Nuenki | Accelerating Bloom Filters by 310x using Rust and WASM

Some Context

I built Nuenki to translate everyday web content into your target language, but only the bits you can actually learn from. It processes webpages, picks out sentences at your knowledge level, then translates them as you browse.

The central technical problem is economics: High-quality translation is expensive, particularly when you're translating parts of every single website you visit, every single day. One of the solutions to this is client-aware caching: The extension knows what translations are in the server's cache, so it can be more liberal about translating sentences that won't incur additional costs.

Bloom Filters

Nuenki uses Bloom filters, regularly downloaded from the server to the client, to track cached translations. They're probabilistic data structures that compress large sets into a compact form that can be queried for membership. They're space-efficient and fast, but can return false positives. That's a non-issue for caching, but worth keeping in mind, particularly because they tend to grow non-linearly as you reduce the false positive rate.

Optimising bloom filters quickly became a key part of optimising Nuenki as a whole. On top of querying every sentence in every webpage, Nuenki also extensively uses them in its sentence-difficulty estimation.

Javascript Bloom Filters

I began with the npm bloom-filters library, using the classic bloom filter with an acceptable error rate of 1%. I'll be benchmarking against Nuenki's German cache, which has approximately 50 000 entries. Everything was tested in a browser extension's background script, running on Firefox.

1import { BloomFilter } from 'bloom-filters';
2class BasicFilterWrapper extends AbstractBloomFilter {
3    constructor(items, errorRate) {
4        super();
5        this.filter = BloomFilter.from(items, errorRate);
6    }
7
8    query(item) {
9        return this.filter.has(item);
10    }
11}

The mean was 0.094ms and the median 0.080ms, distributed as follows. The chart is using a random sample of 500 datapoints from the original million.

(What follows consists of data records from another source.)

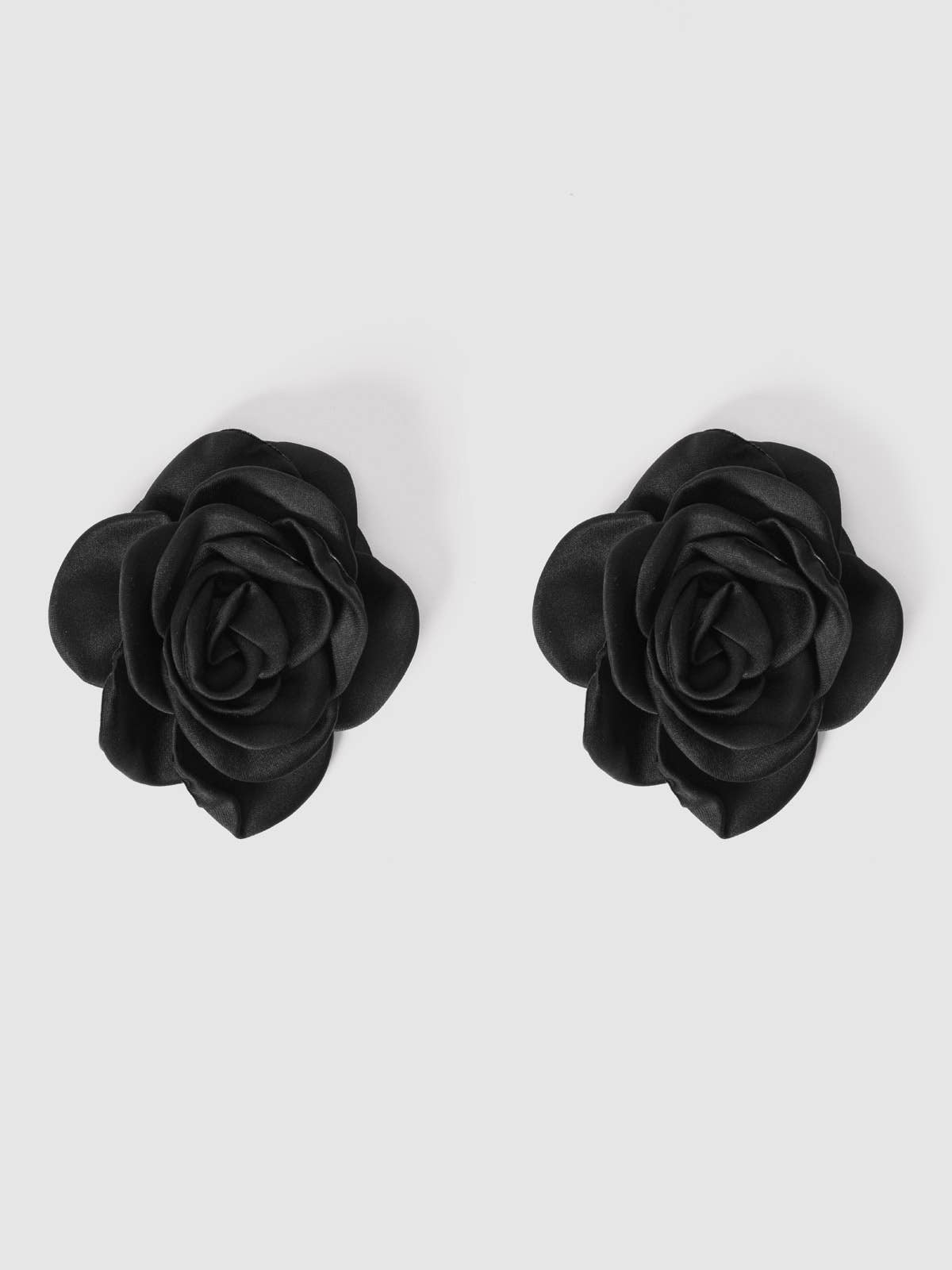 SATIN FLORAL NIPPLE PASTIES: Black / O/S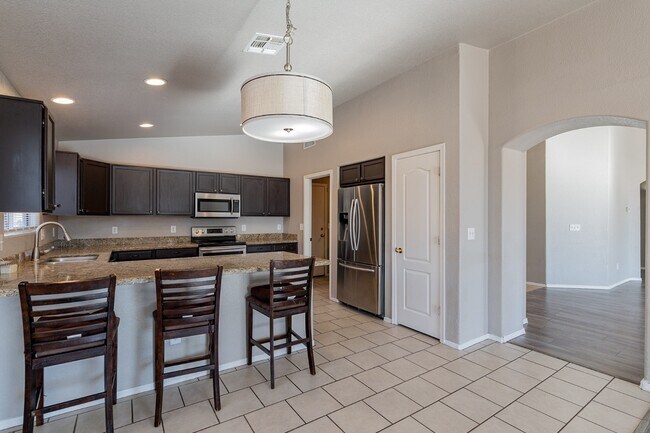 Building Photo - 8220 N Freshwater Ln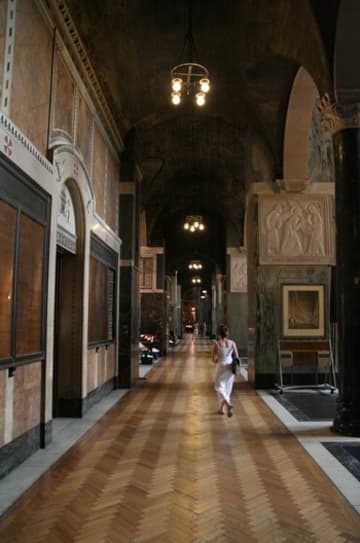 Side aisle, with Stations of the Cross.
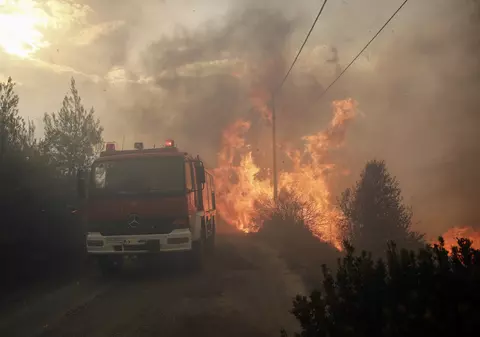 A fost identificat un suspect în cazul incendiilor devastatoare din Grecia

This performance is adequate for small webpages but scales poorly. A thousand queries - not uncommon - will take 94ms.

Cuckoo Filters: 1.03x faster

Cuckoo filters work similarly to bloom filters. They are substantially newer - first described in 2014 - and on top of having various useful capabilities that Bloom filters don't, like deletion, they also tend to be faster and more space-efficient.

I used the same library as before to achieve a 1.03x performance improvement on the same dataset.

1import { CuckooFilter } from 'bloom-filters';
2class CuckooFilterWrapper extends AbstractBloomFilter {
3    constructor(items, errorRate) {
4        super();
5        this.filter = CuckooFilter.from(items, errorRate);
6    }
7
8    query(item) {
9        return this.filter.has(item);
10    }
11}

The cuckoo filter had a mean of 0.091ms and a median of 0.080ms, distributed as follows. Cuckoo filters have a noticeably different distribution.

Rust via WASM: 310.02x faster

The next step of optimisation was to leave Javascript behind and use Rust's fastbloom library via Webassembly. I generated the bloom filters using a separate Rust project then loaded them in at runtime. This meant going back to standard bloom filters, rather than using Cuckoo filters, due to a lack of library support.

This improved performance by 310.0x, including WASM overhead. All the instrumentation remained on the Javascript side. I was surprised by how fast the WASM calls were - I expected the FFI (Foreign Function Interface) overhead to limit the performance improvements.

1use fastbloom::BloomFilter;
2use once_cell::sync::Lazy;
3use rmp_serde;
4use serde::Deserialize;
5use wasm_bindgen::prelude::*;
6
7const RAW_BLOOM_DATA: &'static [u8; 67037] = include_bytes!("translation_filters.bin");
8
9#[derive(Deserialize)]
10struct TranslationFilterDump {
11    filter: Vec<u64>,
12    hashes: u32,
13}
14
15static TRANSLATION_FILTER: Lazy<BloomFilter> = Lazy::new(|| load_translation_filter());
16
17fn load_translation_filter() -> BloomFilter {
18    let filter_dump: TranslationFilterDump = rmp_serde::from_slice(RAW_BLOOM_DATA).unwrap();
19    BloomFilter::from_vec(filter_dump.filter)
20        .seed(&42)
21        .hashes(filter_dump.hashes)
22}
23
24#[wasm_bindgen]
25pub fn basic_contains(text: &str) -> bool {
26    TRANSLATION_FILTER.contains(text)
27}

It had a mean of 0.000302ms (302ns) and a median of 0.000300ms (300ns), distributed as follows.

Zooming into that distribution:

The following optimisation flags were in place, but didn't have a noticeable effect on performance:

1[profile.release]
2lto = "fat"
3strip = true
4codegen-units = 1
5panic = "abort"
6opt-level = 3

Compressed Bloom Filters

I experimented with compressing the input to the bloom filter using lz4. Unsurprisingly, this only reduced performance: Bloom filters already begin by hashing the input to a constant size, and compressing then hashing the input will practically always be slower than simply hashing it. It took 1.0μs longer on average, 4.4x slower than the uncompressed version.

Conclusion

While the optimisations were fairly straightforward, aspects of them surprised me. I was particularly surprised by how low the WASM overhead is for simple calls, and by just how much faster Rust was than JS. I assumed the JIT would be able to optimise the repeated number-crunching workload to be far closer to Rust's performance. Perhaps Chrome's JIT would have fared better?

I was also surprised by Rust's compilation flags not measurably impacting performance - any changes seemed to be less than the statistical noise of each run. Perhaps wasmpack is overriding them?

In the future I intend to go over the sentence difficulty heuristics Nuenki uses and how I optimised them to take mere microseconds, as well as the datastructures involved in quickly processing Furigana and Pinyin.